As you can see, in this file only the airfoil geometry (that has a strange name though) is moving based on a list of vectors, the one you created with Scilab earlier.

And now you are done … Almost. Those were only the main points actually. You will have to work a bit more if you want to morph your mesh.

- First of all, you will have to define the schemes for your dynamicMesh solver (take a look at the OpenFOAM tutorial
**mesh/moveDynamicMesh/SnakeRiverCanyon**for more details). - Then, the converged mesh might not be a good quality mesh. To avoid that you can play on solver schemes number of iterations, tolerance, solution writing precision and also the interpolation method (corrected in the
**dynamicMeshDict**, as you can see). - Finally, if your mesh deformation is too important, you can face many non-orthogonal cells all over the mesh. If those cells are located in the farfield, you can use the
**frozenPoints**option (**dynamicMeshDict**) defining a non-moving points zone thanks to the**topoSet**utility.

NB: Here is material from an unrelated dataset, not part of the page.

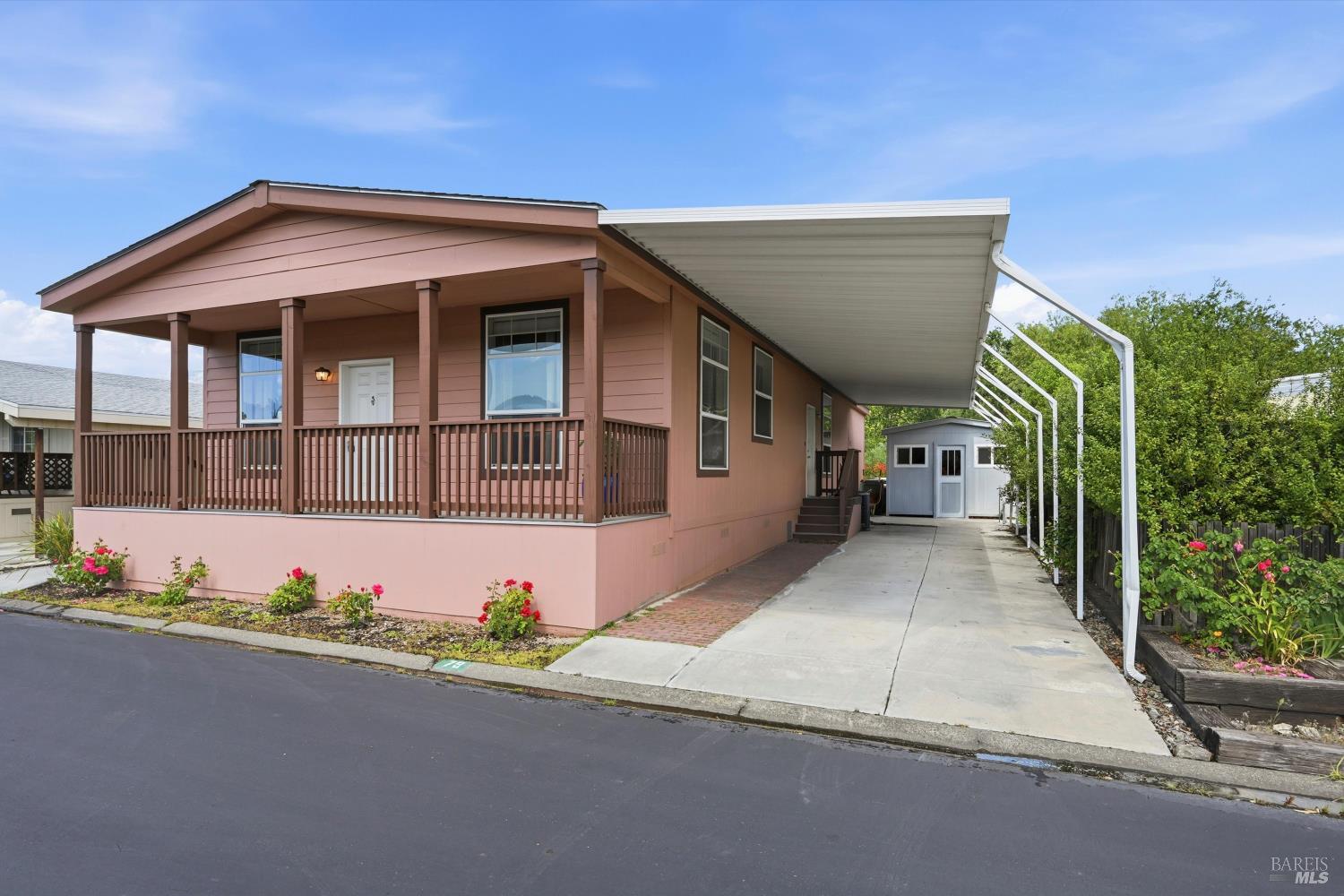 79 Iris Drive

Now just run your cases :** topoSet** (if you are using the frozenPoints option) and then **moveDynamicMesh**. You can access your new mesh in the final time directory, in our case **1/polymesh/points** file.

*First DOE element mesh morphed with OpenFOAM*

You finally got your morphed mesh. Just set the **points** file in your case **constant/polymesh**directory and run your simulation. Here are the nine pressure fields simulated around the nine DOE airfoils.

*OpenFOAM simulation of pressure field around DOE elements*

We saw in this tutorial how to create a full Design of Experiments based on OpenFOAM simulations and Scilab shape parametrization. The next tutorial will be about generating a surrogate model based on this DOE and the Proper Orthogonal Decomposition method for model reduction.